Sermon on the Hotline
Yoshke sat in the swivel chair in his office, and stared at his computer screen. He was thinking about this week’s hotline recording, and he did his best thinking while looking at his screensaver. Five shiny golden brown challahs and two slices of gefilte fish floated across the screen in random patterns for a few seconds. Then the screen began to fill with more challahs and more fish of all sorts: large braided egg challahs, unbraided water challahs with large crusty slits across the top, small bilkelech, along with slices of carp, white fish, salmon, and for an added touch, a few bowls of chrain. The gefilte slices each had a perfect orange carrot slice on top. The carrot was the graphic artist’s idea, but the chrain was Yoshke’s.
He loved watching his screen saver, it commemorated his most brilliant feat yet, when he had only five challahs and two packages of Flaum’s smoked fish at last year’s demonstration against the Aroinim, and the demonstrators were about to pelt him with eggs, because they mostly came for the food, and he didn’t have enough. He had to call his brother Yanky who worked at Flaum’s, whom he still wasn’t speaking to, at least not with words, since the days when they both worked for their father as carpenters (as they had liked to call themselves, although all they did was install kitchen cabinets). But he was desperate, and within minutes Yanky was there with a van full of challahs and gefilte fish. Since they weren’t speaking, they mimed.
“You’ll owe me one, you mamzer,” Yanky had mimed.
“Yeah, yeah, hock a chainik,” Yoshke mimed back. “You don’t know what means a vierdjin birt, you beheime.” For vierdjin birt Yoshke locked his fingers over his crotch. For beheime, he put up his index fingers to indicate horns.

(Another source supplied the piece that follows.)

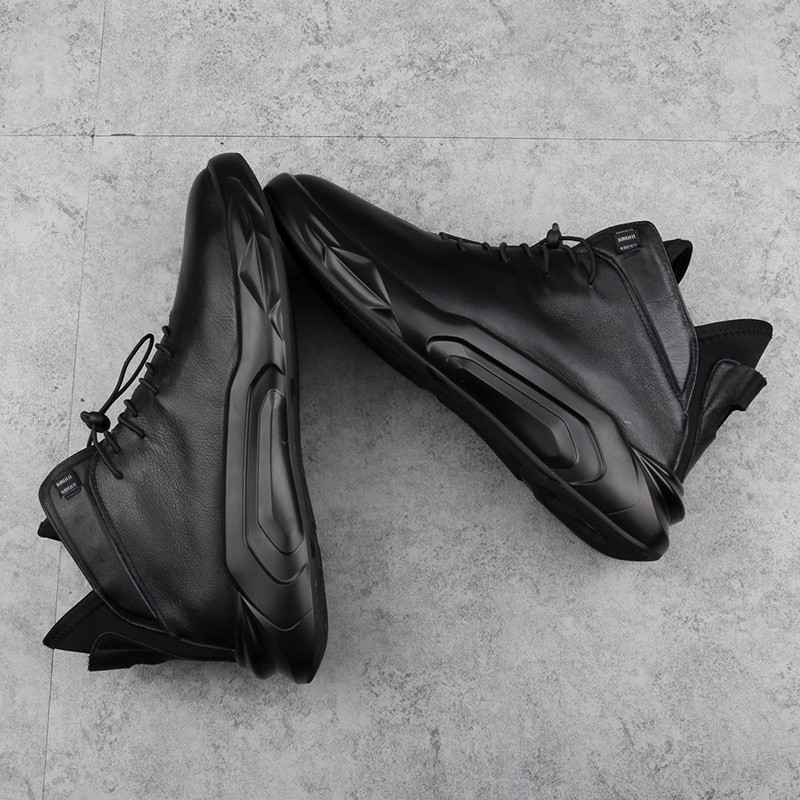 New 2022 springtime Martin boots Men's black single shoe mid-cylinder short boot male genuine leather Inron craze shoes Overalls boot man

Shimon walked in and snapped him out of the pleasant brotherly reverie.
“Hey, Petrishkeh,” Yoshke said. It was an old nickname that stuck somehow. No one could remember how or why. Some said it was Greek for something. Although Shimon thought it was a vegetable. Maybe a Greek vegetable.
“You came just at de right time,” Yoshke said, moving his mouse to dismiss the screensaver. “Tonight is bedikas chumetz and I still need to buy anoder box of Pupa-Tzelem matzohs. So I need your input on dis quick.” An audio editing program was open on the screen, with sharp up-and-down green lines on a black background representing the latest recording. “Give a listen,” Yoshke said. He pressed the green “Play” button. The speakers on both sides of the monitor gave a single crackle of static before Yoshke’s voice came through.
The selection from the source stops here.